This paper compares the results of carrying out portfolio analysis and optimization of a collection of exploration projects that have been modelled using both decision tree and stochastic simulation approaches. The collection of exploration projects comprises the opportunity set for the portfolio. In the decision tree approach, selecting a few scenarios from the full distribution and assigning probabilities to those scenarios approximates the range of possible project outcomes. In contrast to the decision tree method, stochastic simulation proceeds by assigning probability distributions to key input variables. In a single iteration of the simulation each of these variables is randomly sampled, with allowances for dependencies, in order to calculate cash flow and economic parameters such as net present value. This process is repeated many times for each exploration project to produce a distribution of economic outcomes. Earlier studies have shown the difficulty of adequately characterizing projects with large uncertainty using the decision tree approach. In this paper we take the comparison between decision tree and simulation methodologies to the next stage by looking at the effect on portfolio selection of the differing evaluation methodologies.

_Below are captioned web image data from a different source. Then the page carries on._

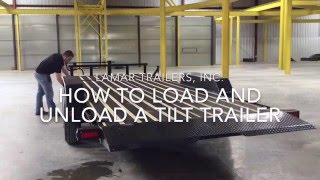 How To Load And Unload A Tilt Trailer  Lamar Trailers Inc [upl. by Atterol850]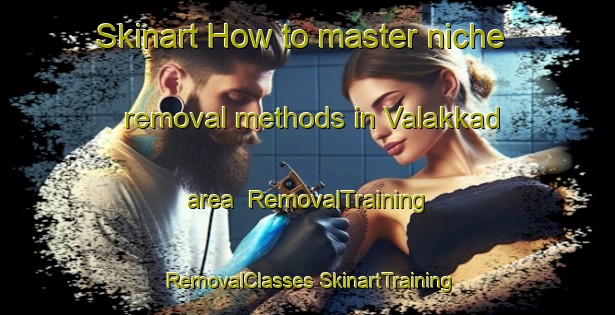 Skinart How to master niche removal methods in Valakkad area | #RemovalTraining #RemovalClasses #SkinartTraining-India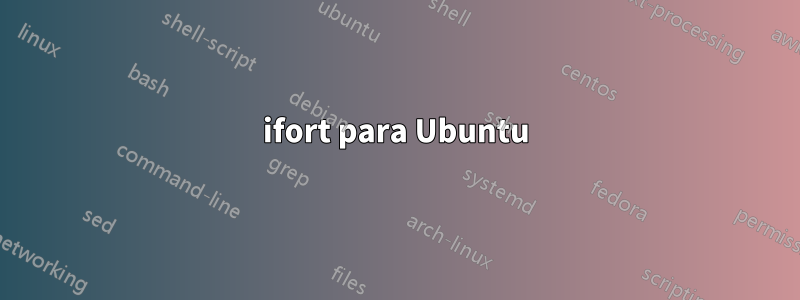 ifort para Ubuntu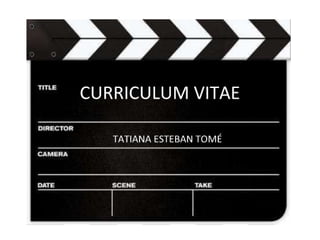 Curriculum vitae Tatiana Esteban Tomé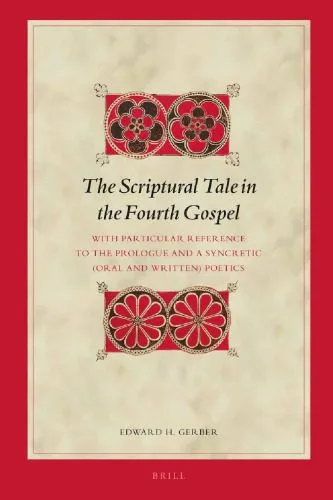 خرید و دانلود نسخه کامل کتاب The Scriptural Tale in the Fourth Gospel: With Particular Reference to the Prologue and a Syncretic (Oral and Written) Poetics_68cf00be1adbf.jpeg خرید و دانلود نسخه کامل کتاب The Scriptural Tale in the Fourth Gospel: With Particular Reference to the Prologue and a Syncretic (Oral and Written) Poetics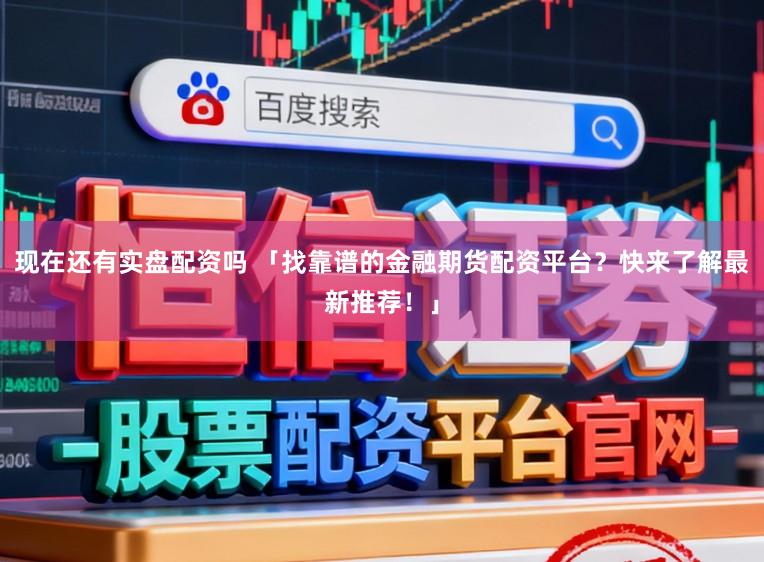 现在还有实盘配资吗 「找靠谱的金融期货配资平台？快来了解最新推荐！」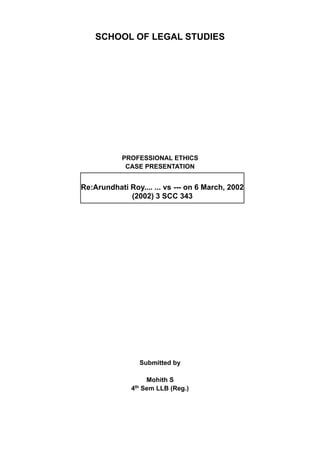 SCHOOL OF LEGAL STUDIES
PROFESSIONAL ETHICS
CASE PRESENTATION
Submitted by
Mohith S
4th
Sem LLB (Reg.)
Re:Arundhati Roy.... ... vs --- on 6 March, 2002
(2002) 3 SCC 343
 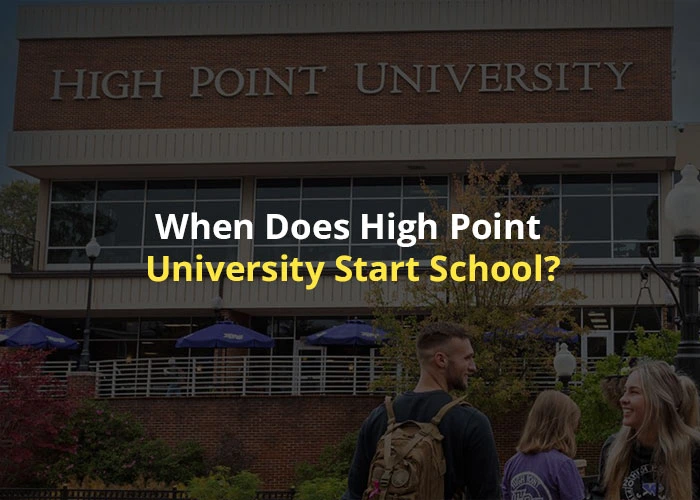 When Does High Point University Start School? A Complete Academic Calendar Guide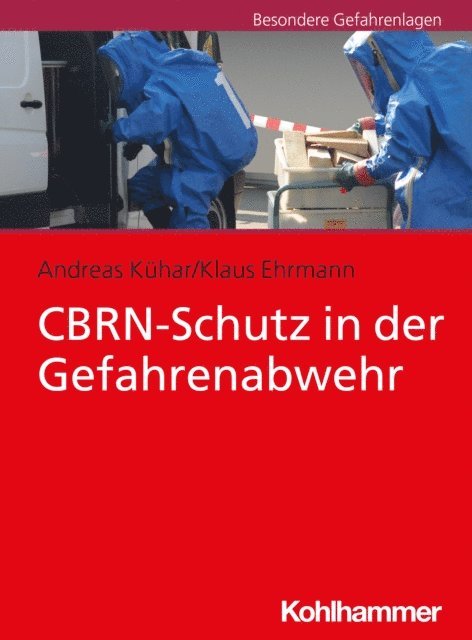Klaus Ehrmann, Andreas Kuhar - CBRN-Schutz in der Gefahrenabwehr, E-bok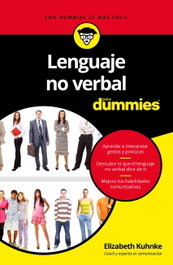 Lenguaje no verbal para Dummies, Elizabeth Kuhnke - CEAC EDICIONES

The portfolio analysis is carried out using the optimization methodology pioneered by Markowitz to estimate the combination of projects, which produces the maximum NPV for a given level of risk. Comparison of the project selections made for the decision tree and stochastic simulation portfolios shows significant differences between the project selections required to produce an efficient portfolio for the two different evaluation methodologies. This result implies that, even if a decision tree model could be constructed which adequately characterized the uncertainty in a project, the optimization of a collection of projects modelled using decision trees may not yield an efficient portfolio if the full range of uncertainty were to be considered.